Motorists often have trouble seeing trick-or-treaters on Halloween
Homeowners urged to take precautions from vandals, who strike often on Oct. 31
Press Release, AAA of Western and Central New York
Here’s hoping for all treats and no tricks this Halloween! With more than 41 million children between ages 5 and 14 trick or treating on Oct. 31, it’s a busy night on the roads – and the worst night for vandalism. AAA Western and Central New York is reminding everyone to be on the lookout for pedestrians in the coming week, to celebrate responsibly and to make sure your home is protected against any tricks. HD video clips with advice are available here.

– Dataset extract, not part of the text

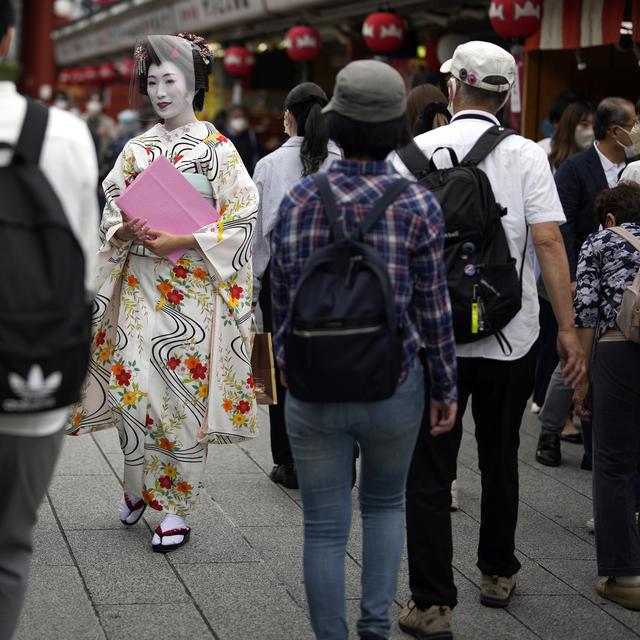 Aucun touriste étranger n'avait foulé le sol japonais depuis près de deux ans. [AP Photo - Eugene Hoshiko - Keystone]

There are some scary statistics when it comes to alcohol-related crashes on Halloween. AAA and the NHSTA found that:
• During the Halloween holiday period (6 p.m. October 31 to 5:59 a.m. November 1) during the years 2012-2016, 168 people were killed in drunk-driving crashes.

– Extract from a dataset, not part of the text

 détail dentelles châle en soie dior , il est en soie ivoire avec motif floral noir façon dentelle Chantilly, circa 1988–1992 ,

• On Halloween in 2017, 89 people were fatally injured in a traffic crash, with 13 percent involving alcohol.
• In 2017, more than half of pedestrian fatalities on Halloween occurred with the pedestrian outside of a marked crosswalk.
• Nearly 80 percent of pedestrian fatalities on Halloween occurred after 6 p.m. in 2017.
Sometimes Halloween mischief can be harder to avoid.
“Property vandalism and injuries tend to spike on Halloween night,” said David Hodge, vice president of insurance for AAA Western and Central New York. “It’s important to make sure you’re covered for whatever might occur.”
Prepare for pranksters
Vehicles are nearly twice as likely to be vandalized on Halloween as on an average day, according to the Highway Loss Data Institute. To avoid having your car egged or even stolen, park it in a secure garage or a safe, well-lit area. Double check that car doors are locked and windows are up.
Look out for black cats, blind spots and Batman
Drive slowly and be on the lookout for creatures that can come out of nowhere. Turn your headlights on earlier in the day to spot children from greater distances. Don’t hesitate to use your horn if you’re concerned that trick-or-treaters don’t see you.
Light up the night
Generous lighting outside of your home keeps vandals away while providing safe passage to party guests and trick-or-treaters. Keep walkways and stairs clear of debris and make sure they’re well-lit.
Beware the brew
Serve non-alcoholic beverages and food along with your preferred potion. Stop serving alcohol at least one hour before the party ends.